Menschen investieren ihr Vermögen in eine gute Ausbildung, in ein Ehrenamt, in einen Verein in ein Projekt, in eine politische Tätigkeit. Und viele würden sagen: Diese Investition hat sich gelohnt. Ich habe weit mehr zurückbekommen, als ich eingesetzt habe. Doch auch hier gilt: nicht jede Beziehung erbringt das. Nicht jedes Risiko hat sich gelohnt.
Wir investieren in unsere Gottesbeziehung durch Zeit und Aufmerksamkeit für das Gebet, den Gottesdienst, die Betrachtung. Wir investieren durch Spenden in ein immaterielles Gut, nämlich anderen zu helfen.
Das alles erfordert eine gewissenhafte Auswahl. Das alles bringt aber auch die Gefahr des Scheiterns. Es bleibt immer das Risiko, dass mein Investment nicht aufgeht, oder noch nicht aufgeht. Angesichts des bestehenden Risikos lassen sich zwei Fehler beobachten: Der erste Fehler ist eine große Zögerlichkeit. Weil die Auswahl für die Investition so groß ist, kann ich mich nicht entscheiden, wo ich meine Möglichkeiten einbringen möchte. Ich schiebe meine Entscheidungen immer weiter hinaus. Ich habe Angst, dass mein Vermögen verlorengeht, wenn ich mich falsch entscheide. Ich habe Angst vor dem Risiko. Die Folge ist, dass das Vermögen zum toten Kapital wird.

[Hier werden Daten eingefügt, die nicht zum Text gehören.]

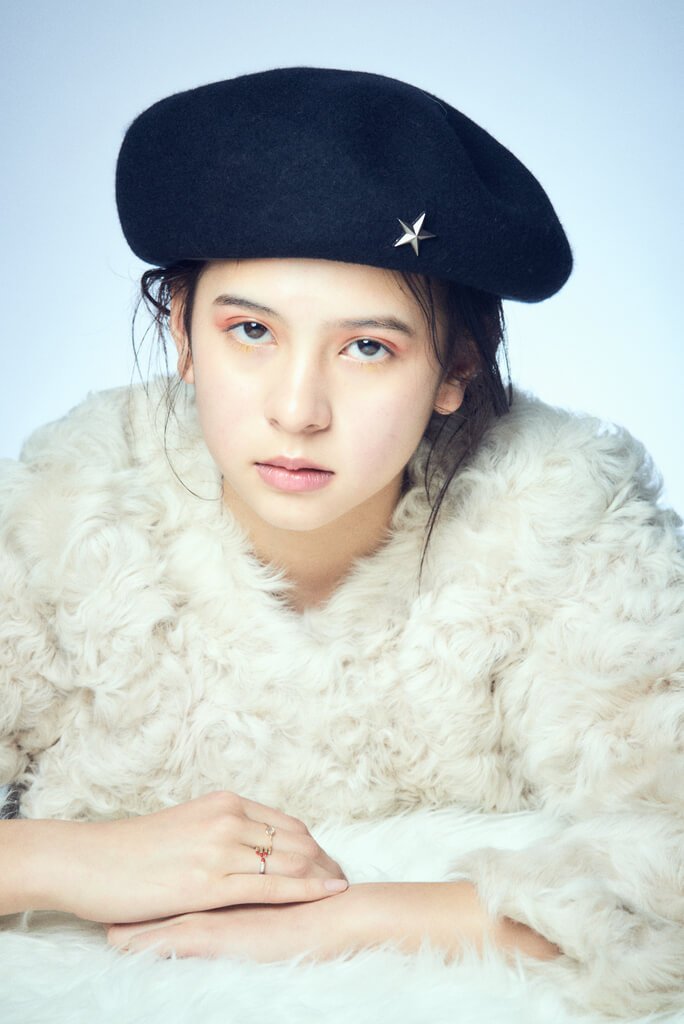 フェリシモ ヨガ気分ブラcmのモデルはamber プロフィール 経歴は のんびり情報ブログ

Der andere Fehler ist der Geiz. Er wird nicht zu Unrecht zu den sieben „Wurzelsünden“ (Todsünden) gerechnet. Der Geiz ist die Fähigkeit, sich abzuschotten. Er resultiert nicht selten aus schlechten Erfahrungen. Weil ich einmal in einer Beziehung enttäuscht wurde, suche ich keine neue. Weil ich in einem bestimmten Beruf nicht glücklich geworden bin, will ich keinen anderen mehr lernen. Weil mein Vertrauen missbraucht wurde, bleibe ich von nun allen Menschen gegenüber misstrauisch. Mein Vermögen bleibt so bei mir, aber es bringt auch keine Frucht mehr. Es ist der Schatz, an dem auf Dauer „Motte und Wurm“ fressen.

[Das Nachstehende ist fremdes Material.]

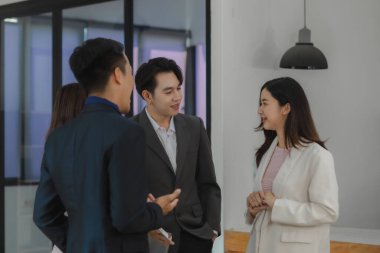 Bir grup çalışan, önemli bir müşterinin iş için tuttuğu çok önemli bir şirket projesinde birlikte çalışıyorlar.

Und es gibt noch etwas drittes. Dies ist nicht direkt ein Fehler, sondern eine Tragik. Ich habe den Eindruck, dass es Menschen gibt, die darunter leiden, dass sie ihr Vermögen nicht einbringen können. Geben zu können macht den Menschen glücklich. Ein Investor ohne Investments wird nicht glücklich. Er verschenkt seine Möglichkeiten. Meine Meinung ist, dass es so viel an „Kapital“ gibt, das ungenutzt bleibt, im geistigen, geistlichen und auch materiellem Sinn.

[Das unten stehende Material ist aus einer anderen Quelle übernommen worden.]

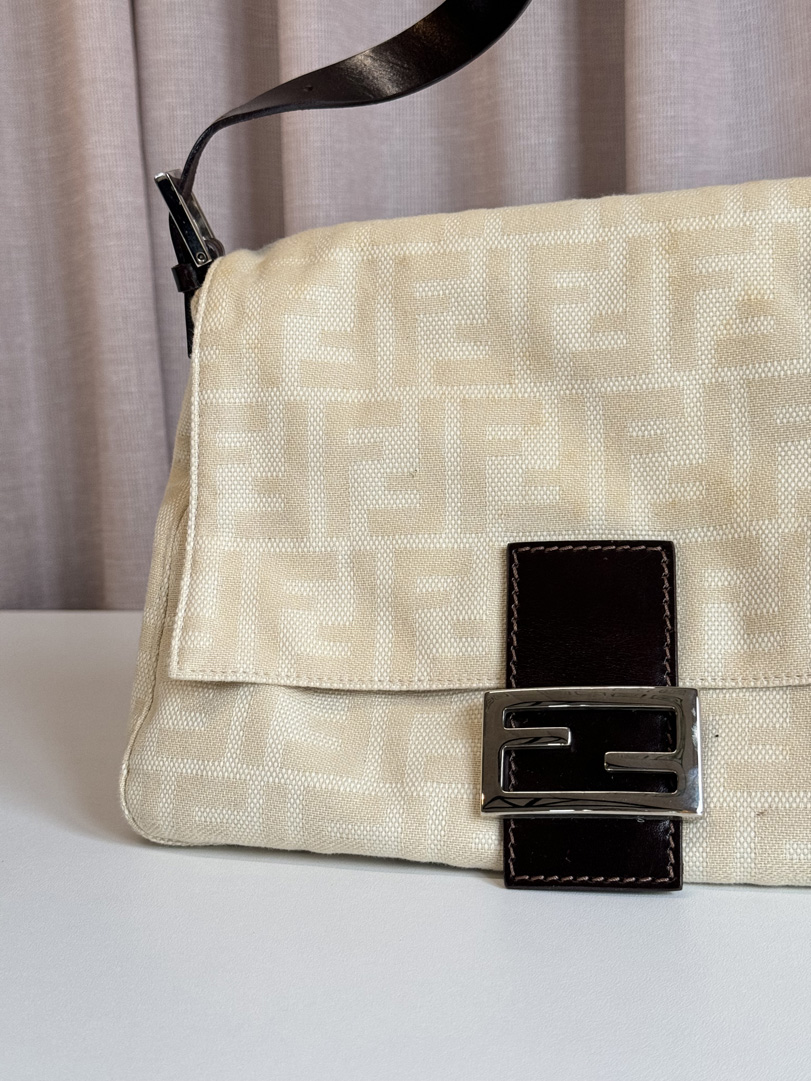 Fendi Mamma Baguette Beige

Das Evangelium darf daher als Ermutigung gesehen werden: Ihr seid begabt, ihr seid befähigt, ihr habt Möglichkeiten. Ihr seid im Sinne des Reiches Gottes dazu beauftragt, diese Möglichkeiten einzusetzen, etwas Gutes daraus zu machen. Seid nicht ängstlich. Scheut nicht das Risiko. Investiert. Vertraut darauf, dass das Gute, dass ihr einbringt, auch wieder Gutes hervorbringen wird. Nicht immer, nicht in jedem Fall, nicht bei jeder Gelegenheit. Die erfolgreichen Investoren im Fernsehen wissen das für ihren Bereich sehr gut. Sie streuen ihr Vermögen, lassen ihr Kapital arbeiten. Was für den Bereich des „schnöden Mammons“ gilt, sollte für das Vermögen unseres menschlichen Lebens umso mehr gelten. Gott schenkt uns dieses Leben, damit wir weiter schenken können.